Dataset entries:
++++++++++

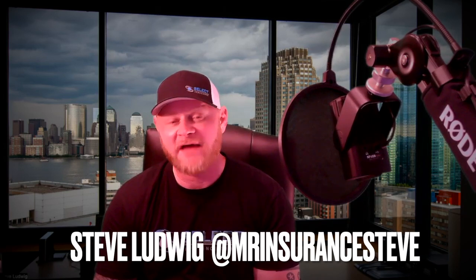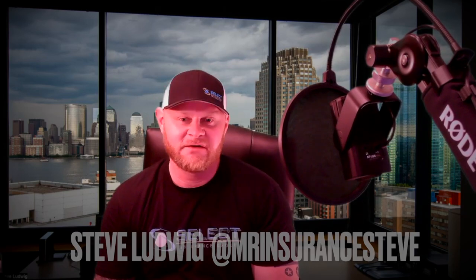What's going on, social media? I am Steve Ludwig, also known as Mr. Insurance. Today I'm going to talk to you about acquiring insurance for your military vehicle and some of the different challenges that you might end up dealing with when trying to do so. Military vehicles fall under a different category than your normal auto insurance policy.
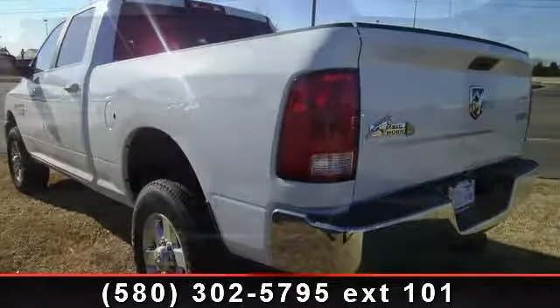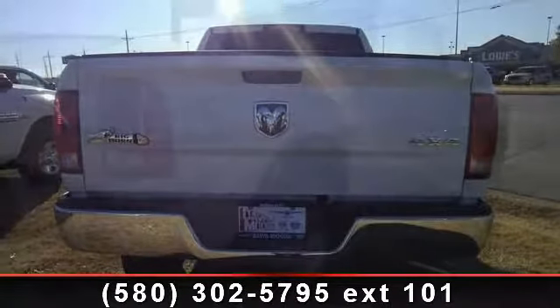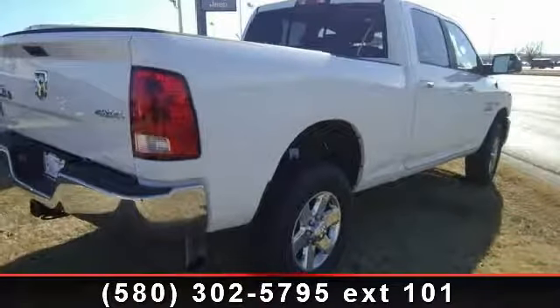Low mileage is an important factor in your purchase and this vehicle delivers a low odometer reading. Don't let this vehicle get away — call or click to schedule a test drive today.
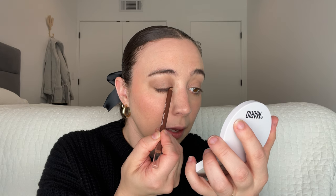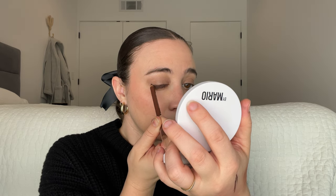I kind of taper it, getting it to my inner corner, then I'm going to pull it out just for a little baby wing. Same thing on this side. It doesn't have to be perfect because I'm going to use a little angle brush and kind of buff that out.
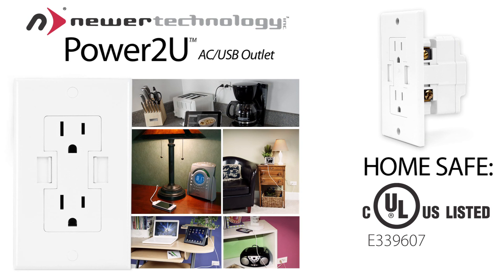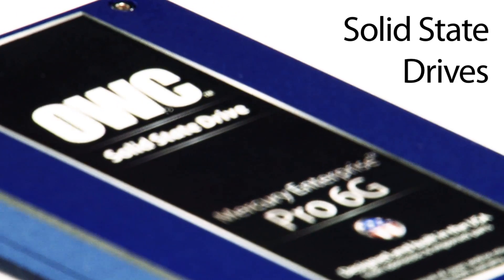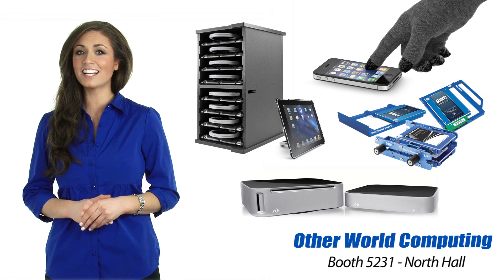The Newer Technology power outlet is the first fully UL listed dual socket wall outlet with integrated USB ports. You'll also find our entire line of OWC solid state drives along with a wide range of innovative OWC and Newer Technology products.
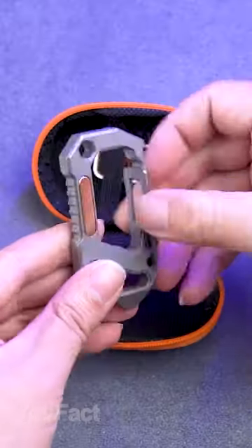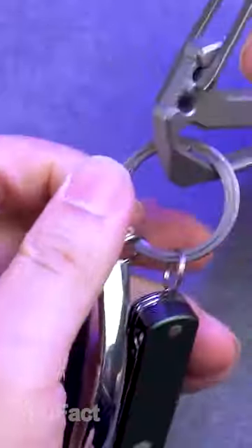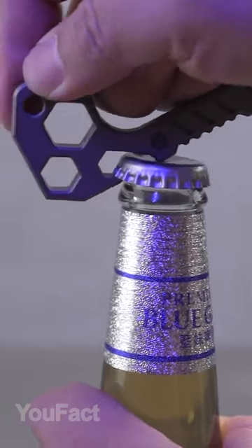Convenient carabiners that'll come in handy in any situation. This one has a couple of hex wrenches, while the other is equipped with a key ring holder. This one's a bit bigger, and you can use it as a bottle opener.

++++++++++

Your answer must be the lines from the one containing "The Newer Technology" through the last line of the records, printed exactly with no pictures; please include both ends.

# Response box
The Newer Technology power outlet is the first fully UL listed dual socket wall outlet with integrated USB ports. You'll also find our entire line of OWC solid state drives along with a wide range of innovative OWC and Newer Technology products.
Convenient carabiners that'll come in handy in any situation. This one has a couple of hex wrenches, while the other is equipped with a key ring holder. This one's a bit bigger, and you can use it as a bottle opener.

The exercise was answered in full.